> **Dataset extract**:
= = =

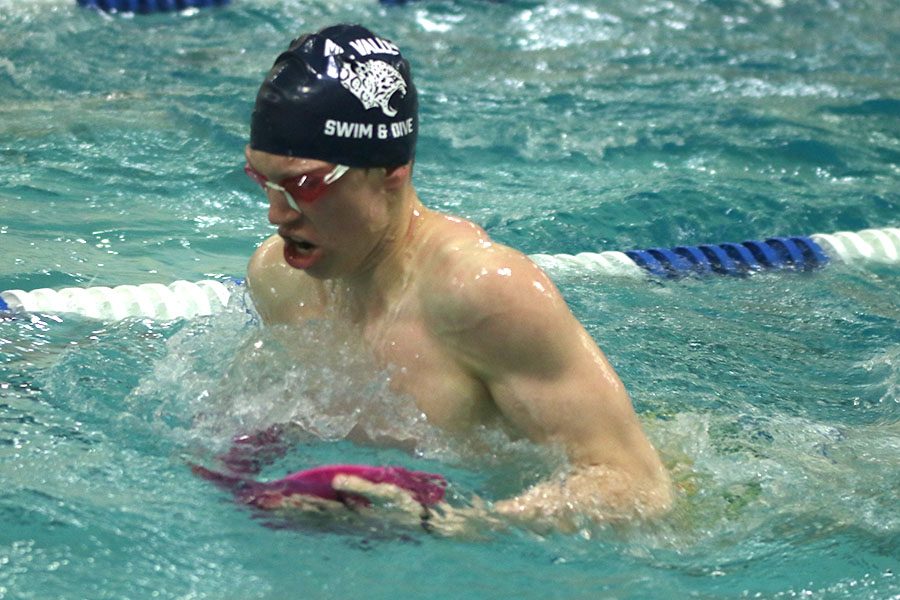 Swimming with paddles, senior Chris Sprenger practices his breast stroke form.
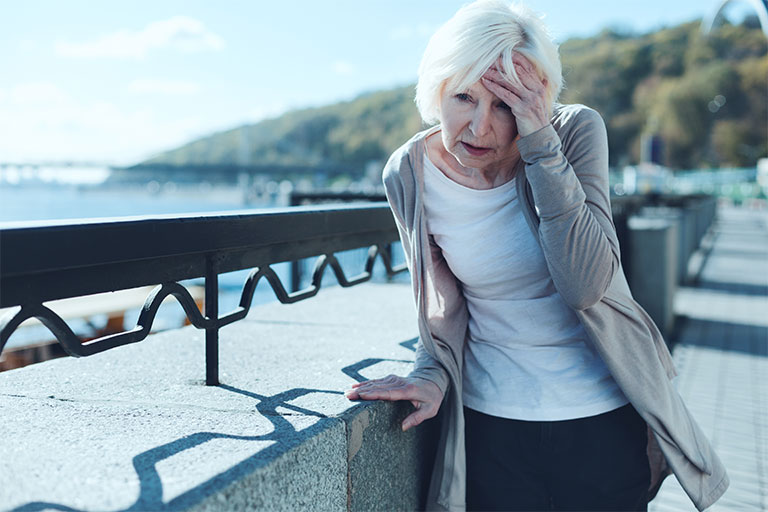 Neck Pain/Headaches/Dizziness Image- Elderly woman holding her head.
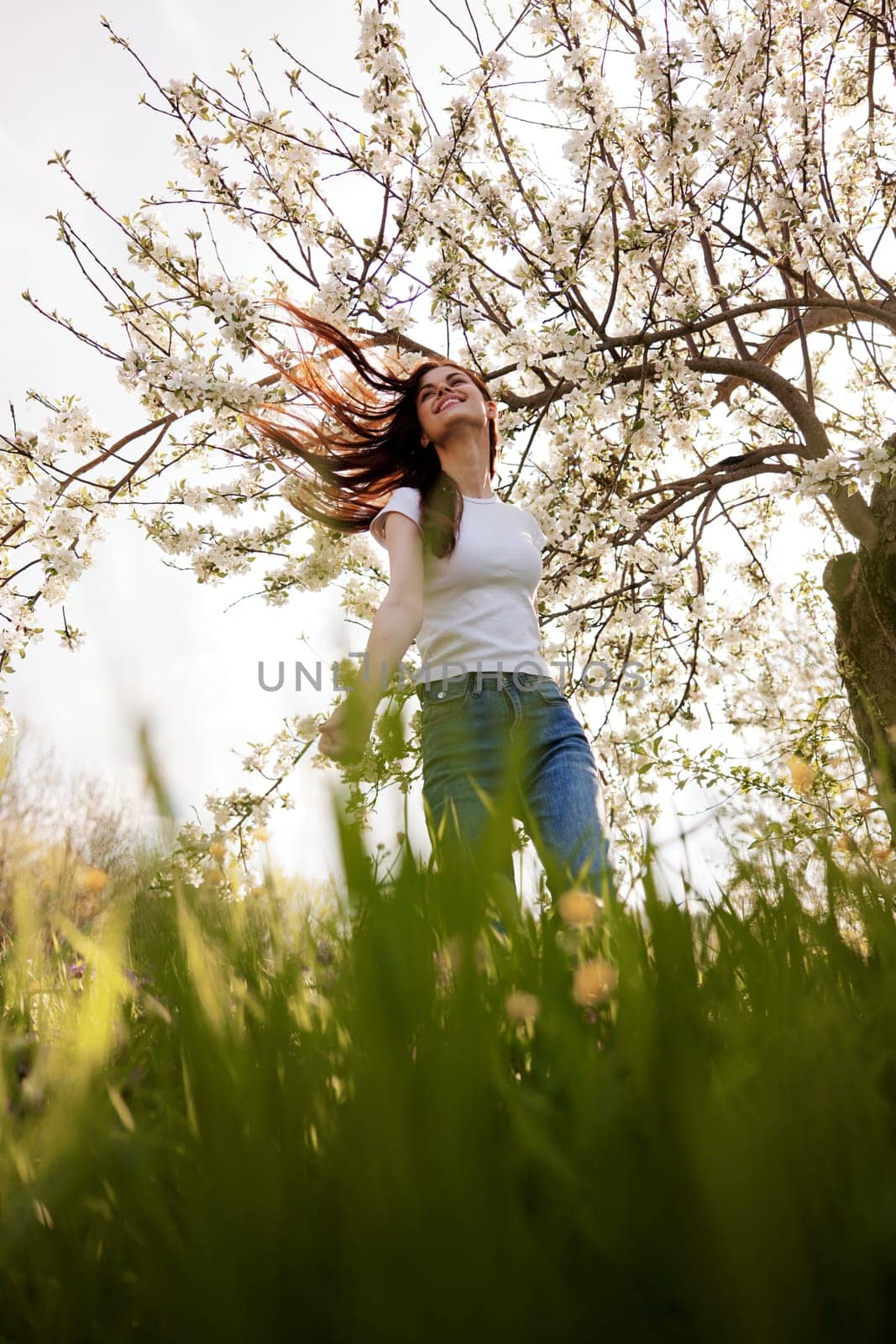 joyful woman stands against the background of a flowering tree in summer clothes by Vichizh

= = =

> **What you will do**: The data above is to be printed exactly, all of it, except for the pictures.

> **Completed exercise**:
 Swimming with paddles, senior Chris Sprenger practices his breast stroke form.
 Neck Pain/Headaches/Dizziness Image- Elderly woman holding her head.
 joyful woman stands against the background of a flowering tree in summer clothes by Vichizh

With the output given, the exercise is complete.